Jason-Ziedenberg.jpg

By Jason Ziedenberg
Executive Director
Justice Policy Institute

After six years of slowing growth prison and jail populations, new statistics due out Wednesday from the Justice Department show an alarming increase in incarceration across the U.S.

According to Prisoners and Jail Inmates at Midyear 2006, a new survey from the Bureau of Justice Statistics, the midyear accounting for prison and jail growth found that “in both absolute numbers and percent change, the increase was the largest since midyear 2000.” The new survey showed that about 6 out of 10 people in prison and jail were African American or Latino, and that nearly 5 percent of African American men were in prison or jail. The new survey showed that one out of every five new people added to prison in the United States were in California.

These new figures show that, once again, communities of color are paying for our troubled criminal justice policies. The growth of the incarcerated population in our already overburdened prisons and jails indicates an alarming growth that should not go unchecked.

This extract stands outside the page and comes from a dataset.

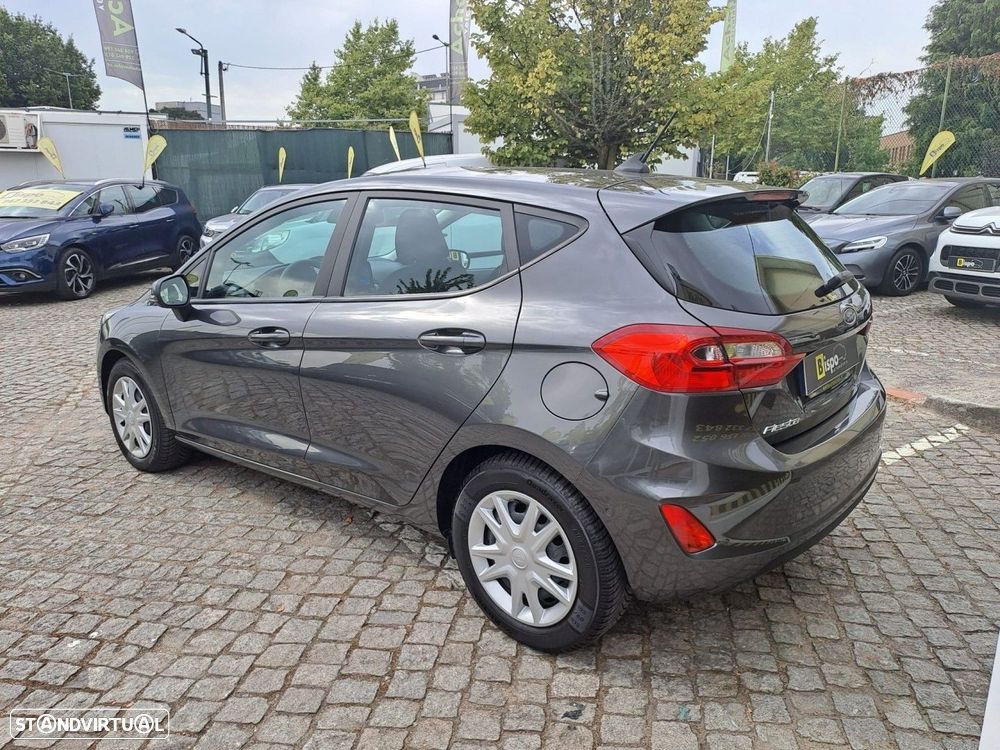 Ford Fiesta 1.0 EcoBoost Connected - 9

Billions of public safety dollars are absorbed by prison expansion and limits the nation’s ability to focus on more effective strategies to promote public safety.

When considering the growth, there are a couple of key points to keep in mind.

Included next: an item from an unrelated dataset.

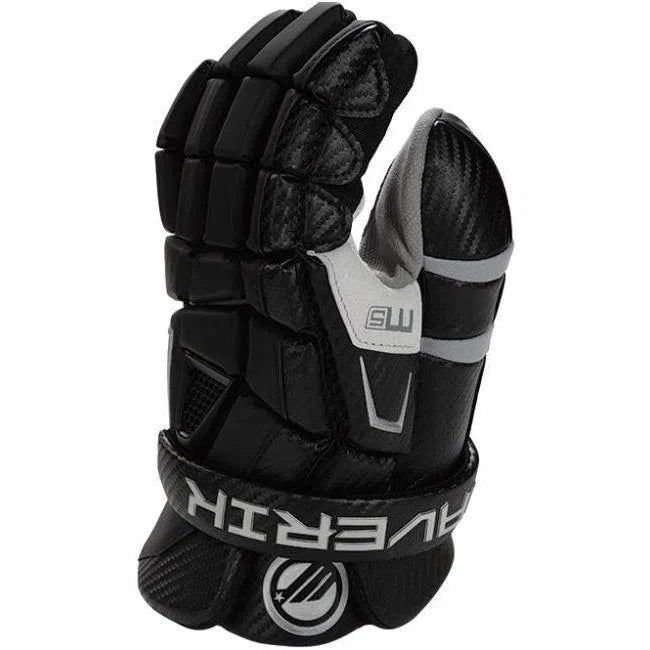 Maverik M5 Goalie Lacrosse Gloves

There is little relationship between prison growth and change in violent crime: Coming just weeks after the Justice Department released its preliminary crime statistics for 2006, regional imbalance in the growth of prison underscore how little relationship there is between crime and the use of incarceration. The two regions that experienced the least change in prison populations (the Northeast, +1.7 percent increase, and the South, +1.2 percent) either experienced a decline in violent crime, or marginal change in violent crime. (The South saw a .06 percent increase in violent crime in 2006. The figures include sentenced prisoners under the jurisdiction of state and federal correctional authorities.) By contrast, the West saw the biggest increase in violent crime of any region (+2.8 percent), and the biggest increase in the use of incarceration (5.2 percent). The Midwestern region also saw an increase in violent crime (+2.1), and prison growth (+3.0 percent).

Some states have reduced prison populations and closed prisons, and others have enacted billion dollar expansion plans. Some states and jurisdictions (8 out of 51) saw no growth, or declining prison populations. Maryland, where prison populations have been falling for the last 4 years, recently closed a prison, potentially saving the state tens of millions of dollars. By contrast, 20 percent of new prisoners added last year were in California, where numerous proposals to reduce prison sentences, reform parole, and provide more resources to drug-involved people in the criminal justice system failed to be enacted. California legislations recently voted for multi-billion dollar prison expansion plan.

Like all states, California still has a choice. It can continue to rely on the failed policies of the past, and simply keep adding more people to prison, bankrupt the state, and continue see violence fester because it is investing all of its public safety dollars in the most expensive, least effective part of the system. Or, California could choose a different course and embrace sentencing reform, parole reform, invest more in drug treatment for people who need it, and save scarce public resources for more effective public safety policies.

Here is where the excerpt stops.